The Greater Yellowstone Coalition, National Parks Conservation Association, The Wilderness Society, Blue Water Networks, and Natural Resources Defense Council (collectively referred to as “GYC Defendant-Intervenors”) intervened in this matter as Defendants pursuant to this Court’s Order Granting Motion to Intervene of February 9, 2001. The Greater Yellowstone Coalition is a conservation group dedicated to protecting the Greater Yellowstone ecosystem and has submitted briefs on behalf of the four other Defendant-Intervenors. Blue Water Networks withdrew from participation in this case pursuant to this Court’s Order to Withdraw filed January 22, 2004.
The Court exercises federal question jurisdiction. 28 U.S.C. § 1331. Yenue is proper. 28 U.S.C. § 1391(b),(e).
Factual Background
This case ultimately stems from a 1997 lawsuit brought by the Fund for Animals against the National Park Service (“NPS”) alleging that Yellowstone’s winter use plan violated the National Environmental Policy Act (“NEPA”) and the Endangered Species Act (“ESA”). A settlement agree*1283ment was reached in 1997 in which the NPS agreed to prepare an Environmental Impact Statement (“EIS”) addressing the issues of snowmobile use and trail grooming in Yellowstone. As a result of that litigation the NPS released a Draft EIS on winter use in the Yellowstone National Park, Grand Teton National Park and the John D. Rockefeller, Jr. Memorial Parkway (collectively referred to as ‘Yellowstone” or the “Parks”). The Draft EIS was released on September 29, 1999. The Draft EIS contained seven alternatives. Alternative A continued the existing historic winter use program of no restriction on snowmobile access. Alternative B, the NPS’s preferred alternative, allowed continued use of snowmobiles, subject to new standards to reduce emissions and noise. Alternatives C through F allowed continued use of snowmobiles with various standards for reducing emissions and noise. Alternative G emphasized the use of clean and quiet over snow access to the parks using the technologies available today.

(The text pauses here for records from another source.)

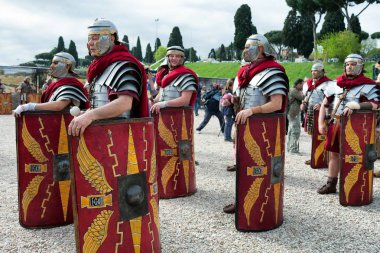 Roma Festival 2015 doğuşu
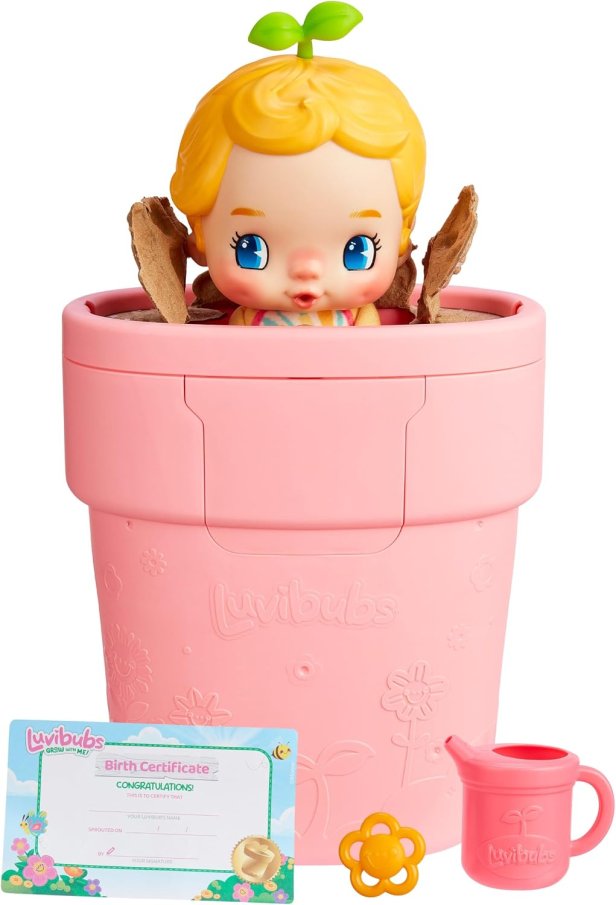 Luvibubs – Cheerful Charlie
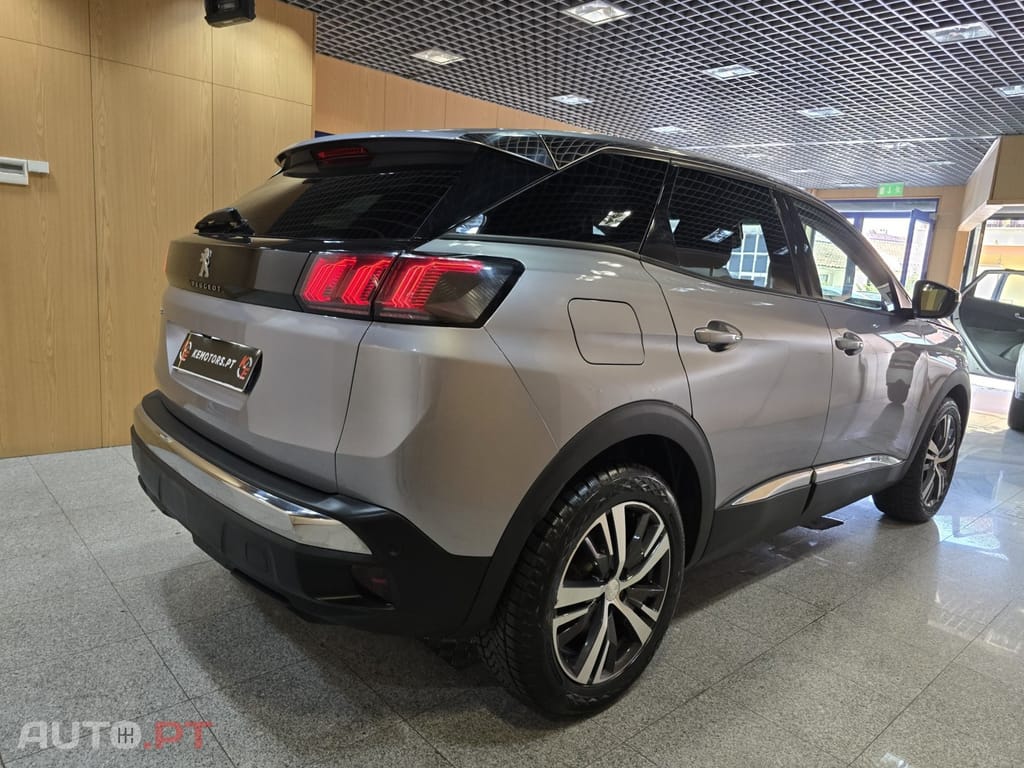 Peugeot 3008 1.5 BlueHDi Allure EAT8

Between December 15, 1999, and March 12, 2000, the NPS prepared a revised version of Alternative G, which included an outright ban on all recreational snowmobile use in the Parks, restricted access to the Parks solely to NPS operated snow-coaches, and provided for additional road closures.
In October 2000, the NPS published the Final EIS for winter use in Yellowstone. The Final EIS was published in its entirety on the internet on October 10, 2000, however, notice of the availability of the Final EIS was not published in the Federal Register until October 31, 2000. See Notice, Winter Use Plans, Final EIS, 65 Fed.Reg. 64986 (October 31, 2000). The Final EIS made Alternative G the preferred alternative, this alternative called for a ban on snowmobiles in the Park and replaced snowmobile use exclusively with NPS operated snowcoaches. After the publication of the Final EIS the public was given until October 31, 2000, to comment. On November 22, 2000 the NPS issued its Record of Decision (“2000 ROD”), adopting the Final EIS preferred alternative, which would eliminate snowmobile use in the Parks beginning in the 2002-2003 season and cutting snowmobile use by 50% in the 2001-2002 season. See Record of Decision, Winter Use Plans, 65 Fed.Reg. 80,-908 (November 22, 2000).
On December 18, 2000 the NPS published the Proposed Rule for implementing a ban on snowmobile use in the Parks. See Proposed Rule, 65 Fed.Reg. 79024-34 (December 18, 2000). The period for public comment was open until January 17, 2001. Then, on January 18, 2001, the last day of the Clinton Administration, the final rule (“2001 Snowcoach Rule”) was issued, implementing the provisions of the 2000 ROD. See Snowcoach Rule, 66 Fed.Reg. 7260, 7268 (January 22, 2001).
Procedural Background
On December 6, 2000, ISMA along with other interested parties filed suit in this Court challenging the 2000 Final EIS, 2000 ROD, and 2001 Snowcoach Rule. The State of Wyoming intervened as a plaintiff in the action, based on its interest in protecting the citizens of Wyoming. The Greater Yellowstone Coalition, National Parks Conservation Association, The Wilderness Society, Blue Water Networks, and Natural Resources Defense Council intervened as defendants to this action.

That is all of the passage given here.